For a good example of what objects can do to help sell this proposal we should handle different values for the Options string. Maybe this to support the following:

Options is empty -> print out full path
Options == "filename" -> print out file name only with extension
Options == "basename" -> print out file name only without extension
Options == "directory" -> print out file directory only
Options == "extension" -> print out file extension only
Options == "volume" -> print out file volume only which will probably only work on windows paths currently
Options == "fullname" -> print out volume + directory + filename, same as default empty string

Then we can format like:

FileSpec file("/tmp/foo.txt");
llvm::formatv("{0; filename}", file);

A couple of thoughts / two cents.

I don't mind the current if (log) { ... } style of logging, even with the PRIx64's and having to do filepath.GetPath().c_str() and all that. I like being able to do extra work in a if (log) block of code -- create a SymbolContext for something or whatever, and as I'm debugging that section of code I like to be able to put a breakpoint there and look more closely. If this is all in a preprocessor macro, a breakpoint is going to stop me on the if() and then I'm trying to step through a macro? And if my computation is down in a lambda I need to figure out how to put a breakpoint in that or step into that somehow to look at the values being computed.

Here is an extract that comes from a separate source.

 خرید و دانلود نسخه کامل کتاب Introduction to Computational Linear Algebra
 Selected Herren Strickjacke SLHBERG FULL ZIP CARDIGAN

How do I create a SymbolContext my_symctx(...); and then include that in what I log if I have to do all of this in the formatv arguments?

I'm not thrilled with the formatv reinvention of format specification. The printf formatters are a bizarre little invention, but it's a bizarre invention that we've all worked with for decades and everyone who works in C knows well. The formatv format specification may be superior, but I don't want to see innovation here, I want clarity with the linga franca that every C programmer knows. I think the barrier to adopting something non-standard is very high.

The formatv format specification string seems to explicitly mention the ordering of the arguments, like llvm::formatv("{0} {1} {2}", first, second, third). I'm guessing this allows you to print the arguments in different order than they appear? Like llvm::formatv("{0} {2} {2} {1}", first, second, third)? What's the benefit of this vrs. the uncertainty of which arguments are used in different parts of the string (short of counting them out by hand)? If I have a formatv format specification like "{0} {1} {2} {3} {4}" and I want to insert an argument between 2 and 3, I need to renumber 3 and 4 now? Or do I do "{0} {1} {2} {5} {3} {4}" and throw my argument on to the end?

Simply *ability* to put the arguments in any order is my concern. Of course I'm never going to do it, but I'm going to have to work on code where other people have done it.

I don't personally want to see the file / function / line numbers in my logging. It's fine if that's an option that other people can enable if they want it. There's going to be a growth in the size of our text for the constant strings for every log point having its filename and function, but it will probably not be significant (maybe the strings can be coalesced, I wouldn't bet one way or the other.)

If formatv could take something a LOT closer to printf, I'd be better with it. Something like the python string formatters would be a real improvement - just %d for base 10 numbers, not having to worry about the size of the argument in the format string, for instance, and would still be readable & understandable by any C programmer out there.

If we're going to start using this alternate logging scheme, eventually there will be a push to use it everywhere, or someone will go through all the other classes in the code base and switch it out without consultation. We need to all sign on to this idea before it goes into the code base at all.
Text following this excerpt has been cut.